Source code for MATS.dataset

#Import Packages
import numpy as np
import pandas as pd
import matplotlib.pyplot as plt
from matplotlib import gridspec

from .utilities import (
    isotope_list_molecules_isotopes,
)

from .hapi import ISO


[docs]class Dataset:
    """Combines spectrum objects into a Dataset object to enable multi-spectrum fitting.

    Parameters
    ----------
    spectra : list
        list of spectrum objects to be included in the Dataset. Example [spectrum_1, spectrum_2, . . .]
    dataset_name : str
        Used to provide a name for the Dataset to use when saving files
    param_linelist : pandas dataframe
        Reads in the  parameter linelist used in fitting.  This enables for consistency checks between the input spectra and the parameter line list.
    baseline_order : int
        sets the baseline order for all spectra in the dataset.  This will automatically be set to the maximum baseline order across all spectrum included in the Dataset.
    CIA_model : str
        Future development will allow CIA model specification.  Default is None and
    """



    def __init__(self, spectra, dataset_name, param_linelist, CIA_model = None):
        self.spectra = spectra
        self.dataset_name = dataset_name
        self.param_linelist = param_linelist
        self.CIA_model = CIA_model
        self.renumber_spectra()
        self.molecule_list = self.correct_component_list()
        self.isotope_list = self.check_iso_list()
        self.correct_etalon_list()
        self.max_baseline_order()
        self.broadener_list = self.get_broadener_list()
        self.ILS_function_dict = self.get_ILS_function_dict()
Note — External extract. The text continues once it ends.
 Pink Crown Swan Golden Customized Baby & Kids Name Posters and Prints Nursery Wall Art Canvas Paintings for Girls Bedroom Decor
[docs]    def renumber_spectra(self):
        """renumbers the spectra to be sequential starting at 1 (called in the initialization of the class).
         """

        count = 1
        for spectrum in self.spectra:
            spectrum.set_spectrum_number(count)
            count+=1

[docs]    def max_baseline_order(self):
        """ sets the baseline order to be equal to the maximum in any of the included spectra.
        """

        baseline_order_list = []
        for spectrum in self.spectra:
            baseline_order_list.append(spectrum.baseline_order)
        self.baseline_order = max(baseline_order_list)
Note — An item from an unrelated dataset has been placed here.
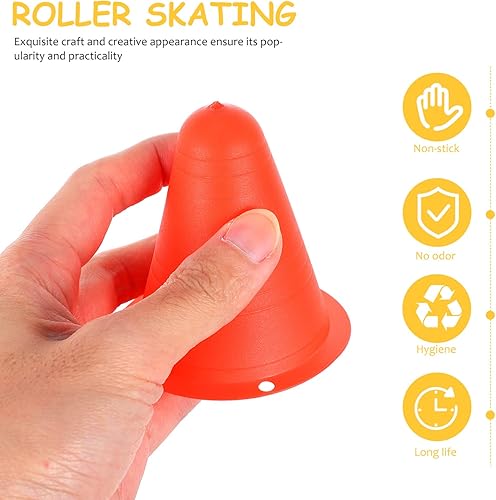 Miniatura 8 de Mini Conos de Agilidad Rodillo - Cono de patinaje Slalom Conos 25pcs Roller Marker Cups Conos de tráfico de plástico Conos de disco Marcadores de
[docs]    def correct_component_list(self):
        """Corrects so that all spectra and the parameter line list share the same molecules, but the mole fraction is fixed to zero where molecules are not present (called in the initialization of the class).
        """

        dataset_molecule_list = []
        for spectrum in self.spectra:
            dataset_molecule_list += (spectrum.molefraction.keys())
        molecules_in_paramlist = self.param_linelist['molec_id'].unique()
        for i in range(0, len(molecules_in_paramlist)):
            if molecules_in_paramlist[i] not in dataset_molecule_list:
                dataset_molecule_list.append(molecules_in_paramlist[i])
        for spectrum in self.spectra:
            spectrum_molefraction_dictionary = spectrum.get_molefraction()
            for molecule in dataset_molecule_list:
                if molecule not in spectrum_molefraction_dictionary:
                    spectrum_molefraction_dictionary[molecule] = 0
            spectrum.set_molefraction(spectrum_molefraction_dictionary)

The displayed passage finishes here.